Despite advocacy on the part of women genocide survivors urging these NGOs to center women survivors of the genocide in their programming, NGOs have overwhelmingly marginalized women survivors for reasons of political expedience and because of a general unwillingness to acknowledge the unique and severe forms of vulnerability and disadvantage that women genocide survivors in Rwanda face. We see the concern the survivors interviewed here have with this systemic institutionalized injustice, with Jacqueline Murekatete addressing it in particular depth and detail. As a founder of the Genocide Survivors Foundation in her advocacy work she has seen over and over again the extent to which genocide survivors – and especially women genocide survivors – are marginalized and excluded in the context of development and humanitarian aid in Rwanda and in the values and practices of international NGOs and national aid agencies and UN agencies working in Rwanda.
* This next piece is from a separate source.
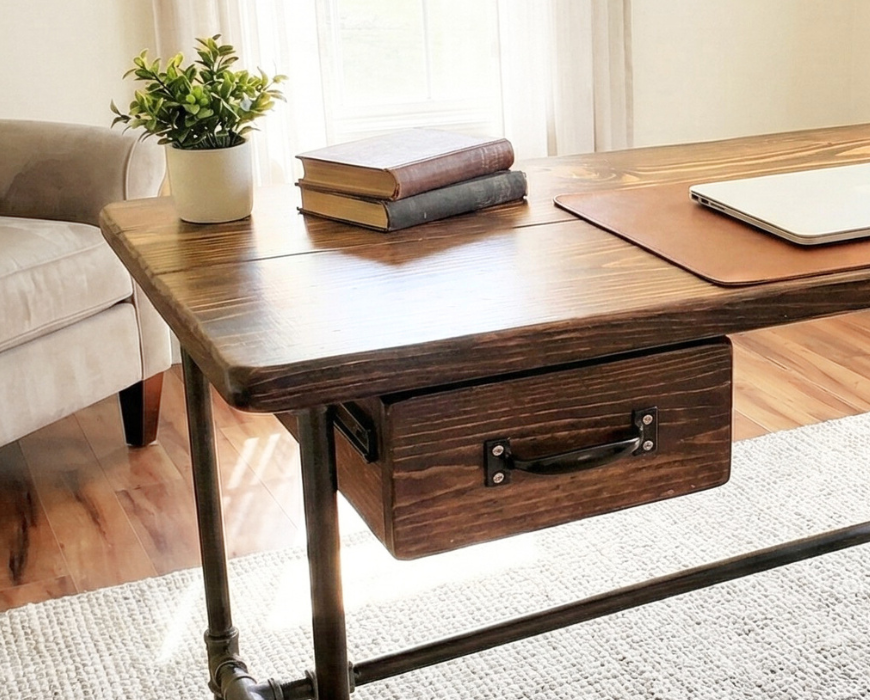 Steel and Wood Desk - With Drawer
Key concerns that the interviewees highlight that need to be taken into account and responded to by human rights, development, and humanitarian aid NGOs in Rwanda and by binational and international aid agencies such as USAID and United Nations agencies such as UNDP, UNICEF, and UN Women include:
– Psychological and trauma support services including comprehensive counseling, social worker, and therapeutic interventions to address anxiety, hopelessness, isolation, depression, and trauma
– Recognition of the profound and complex ways in which women survivors of genocide experience deprivation as a result of the genocide and its legacy
– Recognition of and responsiveness to the unique needs and vulnerabilities of genocide survivors – specifically women survivors – and substantive and sustained efforts to work closely with genocide survivor organizations as full partners in development and humanitarian aid that is inclusive of genocide survivors and that values and affirms their right to consultation, participation, and partnership
– Medical care, especially medical care that is gender sensitive and responsive
– Financial support including job training and training and support for income-generating activities
– Addressing food insecurity with reliable, sufficient, and nutritious food provision
– Adequate provision of safe shelter
– Support for the education of genocide survivors, both formal school and technical-vocational training and other forms of education that advance self-empowerment, self-reliance, and full social and economic integration
– Accountability for and reparative justice from governments such as the French government that were complicit in the genocide and for organizations who were complicit as well, such as the United Nations
– Retributive justice for those individuals who participated in the genocide, whatever their background and nationality
– Public education and commemoration of the genocide
Unfortunately, it is rare that one finds the voices of women genocide survivors and genocide survivors in Rwanda more broadly in the development, humanitarian aid, and human rights literature on Rwanda. This article aims to plant a seed in the hope of stimulating greater attention to the human rights, needs, realities, perspectives, and hopes of Rwanda’s genocide survivors and in particular of women survivors.